WHAT A MAN! WHAT A MAN! WHAT A MIGHTY GOOD MAN!

My mind raced back to a conversation we had just recently in which he reminded me of where him and I had first encountered each other. He reminded me that we had been on opposing sides in a debating contest at Swaneng, his school, when I represented Madiba Secondary School. We had marveled at the wonder and magic that had now brought us together as brothers in arms in the quest for genuine democracy for our country. I can still feel the potent resonances of his laughter as he related that story. He was imbued with virtues and qualities that completed me and compensated for any flaws and frailties on my part.

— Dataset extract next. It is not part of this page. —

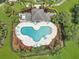 Overhead shot of the community pool with plenty of lounging chairs and tropical landscaping at 2311 Chatham Place Dr, Orlando, FL 32824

He was a great friend; a Comrade.

WHAT A MAN! WHAT A MAN! WHAT A MIGHTY GOOD MAN!

He needs no eulogy from me or from any other person. He has written his own story and painted his legacy on the canvass of immortality. It is a story of patience under adversity; courage under fire; fortitude when the barbed arrows of malice were being shot at him from all directions; triumph over all challenges and modesty in victory. His entire life was an enduring lesson for all of us; a lesson in humility. We in the UDC are filled with a species of admiration for him that we will never succeed to put into words. It is fitting therefore, to adopt as my own these words and say of him,

“He belongs to history as furnishing one of the greatest examples of successful patriotism. He belongs to posterity as the instructor of future generations in the principles of liberty and freedom. He belongs to the present, to us, by his virtues and his achievements. I have witnessed that enduring fortitude, that patriotic self-abnegation, and that invincible determination which have carved his statue in the hearts of his people.”

WHAT A MAN! WHAT A MAN! WHAT A MIGHTY GOOD MAN!

To the powers that be I will do no more than repeat the words of that brave labour activist, August Spies,

“If you think that by killing us you can stamp this movement, if this is your opinion, then kill us.

Here you will tread upon a spark, but there, behind you, and everywhere flames blaze up. It is a subterranean fire. You cannot put it out.”

To all the men and women of God, in their various denominations and Ministries, this country desperately needs your prayers and your intercession. This country needs deliverance so it can be safe for democracy. The country needs cleansing so its institutions can remember how to serve all the people equally. This country yearns for a purgation and purification so it can become a robust and genuine democracy.

To the people of this country, this year presents you with a special opportunity to realize Gomolemo Motswaledi’s vision and script a fresh narrative for Botswana. It will take more than just testimonials of effusive sympathy. It will take intentional leaps of faith, it will take action. Go to the polls and deliver change. Do it for him.

To all our young people who were denied permission to undertake a silent procession in honour of their leader and mentor I have a simple message. Whatever machinations of repression they may fashion and deploy, the revolution will hatch, underground, beneath plains of concrete where no bird sings.

I commit this great warrior, this avatar, to God Almighty.

So long Comrade. So long my brother. So long my trusted friend.